WASHINGTON, Jan. 18 (Xinhua) -- The United States said on Friday that it will not negotiate with terrorists taking foreign hostages in an Algerian gas field.
State Department spokeswoman Victoria Nuland ruled out the possibility in response to the militants' demand for release of Pakistani doctor Aafia Siddiqui and Omar Abdel-Rahman, an Egyptian cleric known as "the blind sheikh", who were convicted in the United States on terrorism charges.
"The United States does not negotiate with terrorists," Nuland told reporters at a regular news briefing.
She said the hostage situation "remains extremely fluid" on the ground, and Washington was continuing its work with the Algerian government and other countries involved for a solution.
Secretary of State Hillary Clinton spoke to Algerian Prime Minister Abdelmalek Sellal on Friday for a straight third day to " get his perspective about exactly what's happening on the ground, how the operation is unfolding," Nuland said.

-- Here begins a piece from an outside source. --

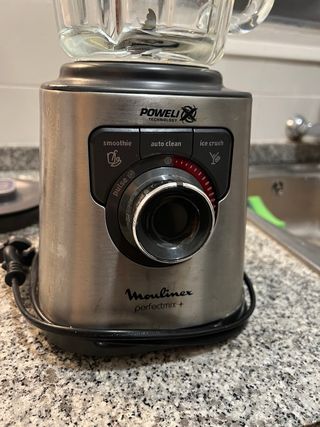 Batidora Moulinex PerfectMix+ Vaso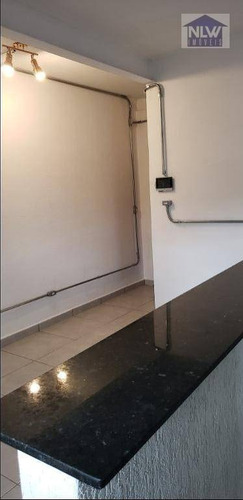 Studio Para Alugar, 40 M² Por R$ 1.700,00/mês - Jardim Cidade Pirituba - São Paulo/sp - St0184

"She obviously expressed our concern for our citizens," she noted. "As we have throughout this, we urged that we minimize loss of civilian life here."
The top American envoy spoke as well of efforts to "strengthen Algeria's capacity against terror," Nuland said, adding "She made clear that even after this incident is over, we want to continue to deepen and strengthen that relationship."
"But given that this is an ongoing hostage situation, I am still not going to be in a position to get into any details here with regard to the status of Americans or any other hostages out of concern for the safety and security of all of them and the hope that we can minimize the loss of innocent life here," she said.
The Algerian military launched an air and ground assault on Thursday in an attempt to rescue hostages taken a day earlier at the oil facility near In Amenas by al-Qaida-affiliated militants to avenge Algeria's support for French involvement in conflict in neighboring Mali.
More than 670 hostages, including 573 Algerians and about 100 foreigners, were freed in the raid, but an unspecified number of people were killed as well, Algeria's APS news agency said.
The operation has drawn criticism from countries like Japan and Britain who said they were not consulted before the action.